INSTRUCTIONS FOR THE TASK — All of the listing should be output exactly, apart from the pictures.

DATA SEGMENT —
- Opening Delimiter -

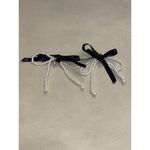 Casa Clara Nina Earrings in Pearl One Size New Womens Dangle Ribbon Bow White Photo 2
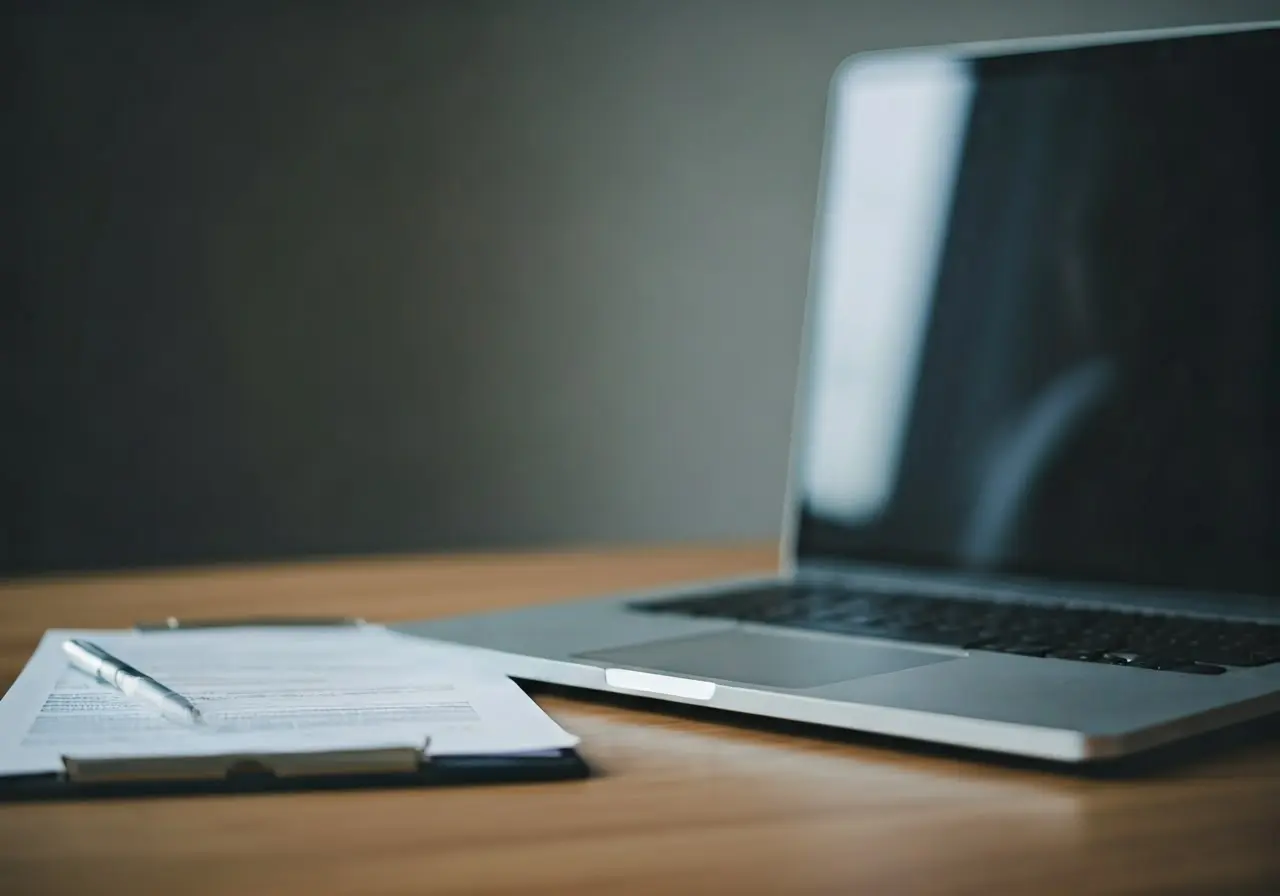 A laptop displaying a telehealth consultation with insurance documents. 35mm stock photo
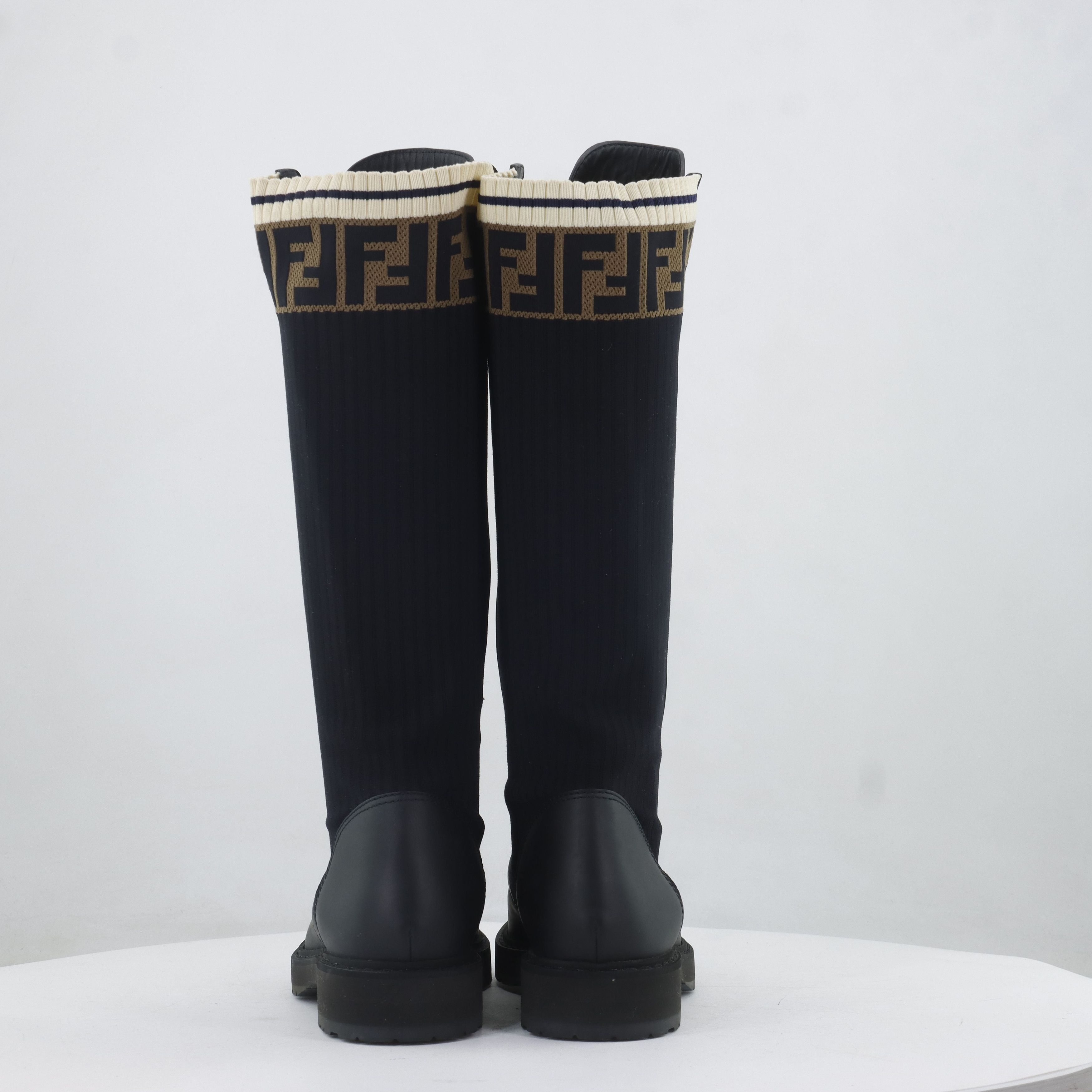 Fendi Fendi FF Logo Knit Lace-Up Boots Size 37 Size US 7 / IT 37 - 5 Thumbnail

- Closing Delimiter -

RESULT —
 Casa Clara Nina Earrings in Pearl One Size New Womens Dangle Ribbon Bow White Photo 2
 A laptop displaying a telehealth consultation with insurance documents. 35mm stock photo
 Fendi Fendi FF Logo Knit Lace-Up Boots Size 37 Size US 7 / IT 37 - 5 Thumbnail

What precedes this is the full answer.